The Army in Pakistan

Print edition : October 03, 2014

“Unlike some armies that primarily concern themselves with external security challenges, the Pakistan Army also involves itself in managing domestic affairs of the state,” says Christine Fair. Here, Pakistani troops on a hilltop post near Ladha, a town in South Waziristan along the Afghan border. Photo: Anjum Naveed/AP

September 8, 1999: Prime Minister Nawaz Sharif with Army chief General Pervez Musharraf in Skardu. On Kargil, Cloughley says “Pakistan behaved outrageously and contrary to international norms”. Photo: TANVEER MUGHAL/AFP

In his “new” military approach, Gen. Ashfaq Kayani was “invisible but around”. Photo: Anjum Naveed/AP

Two accounts on the Pakistan Army deliver a mixed bag—an objective history by one and sweeping conclusions by the other.

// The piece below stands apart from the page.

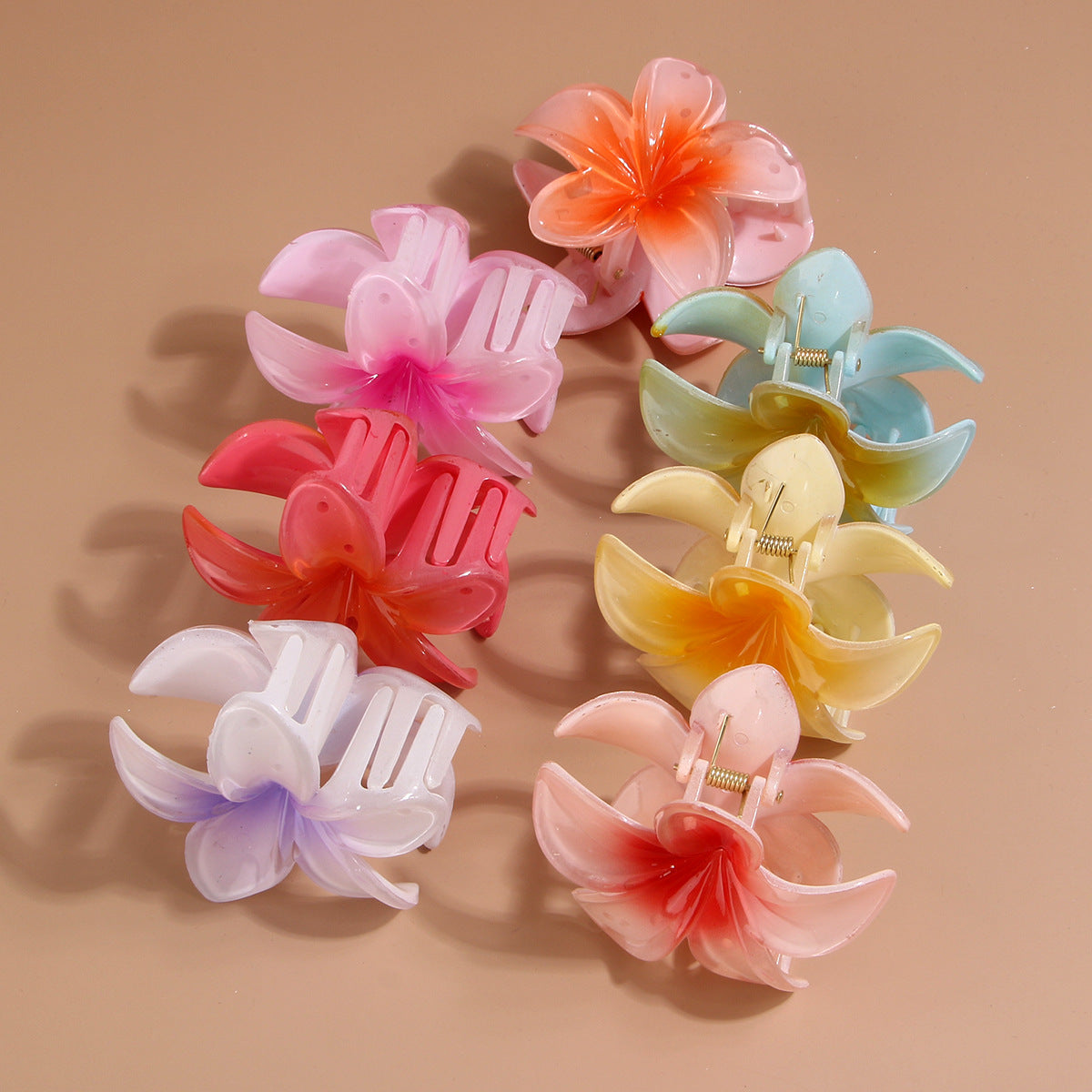 Color Plumeria Rubra Barrettes Side Grab Half Grab Back Head Shark Clip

THESE books help one to understand the political situation in Pakistan today; especially Brian Cloughley’s objective history of the Pakistan Army which is in glaring contrast to the perfervid advocacy style of C. Christine Fair, so evident in her writings. Both books are works of great labour. Each in its own manner provides some rich insights. Both authors have useful contacts in Pakistan and elsewhere.

Cloughley spent two years as deputy head of the United Nations Military Observer Group in India and Pakistan (UNMOGIP) and “conceived the highest regard for the professionalism of both the Indian and Pakistani armies. President Zia invited me to visit Pakistan in 1985, when I renewed my acquaintance with many senior officers. I served as Australian Defence Attache from 1988 to 1994. During the latter period I was encouraged by successive Army Chiefs to broaden my knowledge by attending many military exercises and travelling extensively to improve my understanding of the country and to visit headquarters and units.” In two places he cites “a British Intelligence Appreciation of 1966” besides a 1972 Report by the Australian High Commission in New Delhi to Canberra.

Over the years one has come to respect the author’s scholarship and objectivity. This renders inexcusable, indeed unforgivable, a gross libel he delivers wantonly and with total lack of even elementary care. It concerns Morarji Desai, who was unworthy of being India’s Prime Minister (1977-1979). But he was a patriot to the core.

Cloughley writes that during the Bangladesh War, the United States “had a source close to power in New Delhi. Morarji Desai was not personally close to Indira Gandhi (loathing was mutual), but he was a member of her Cabinet as well as being a paid agent of the Central Intelligence Agency. It is likely [sic] that he provided information regarding India’s military preparations to the CIA but, in spite of the drama (and success) of having such a highly-placed source, it would not have taken any intelligence organisation long to discover that something was afoot.” (Emphasis added throughout.)

His source is the infamous and discredited account by Seymour Hersh. It is unnecessary to dwell on the improbabilities he mentions. The record is there for anyone to read. A little care would have taught him that Morarji Desai had ceased to be a member of the Cabinet in 1969. By 1971, he was the Prime Minister’s staunchest adversary. On the strength of all this, he proceeds to write of “the tales of the traitor Morarji Desai”.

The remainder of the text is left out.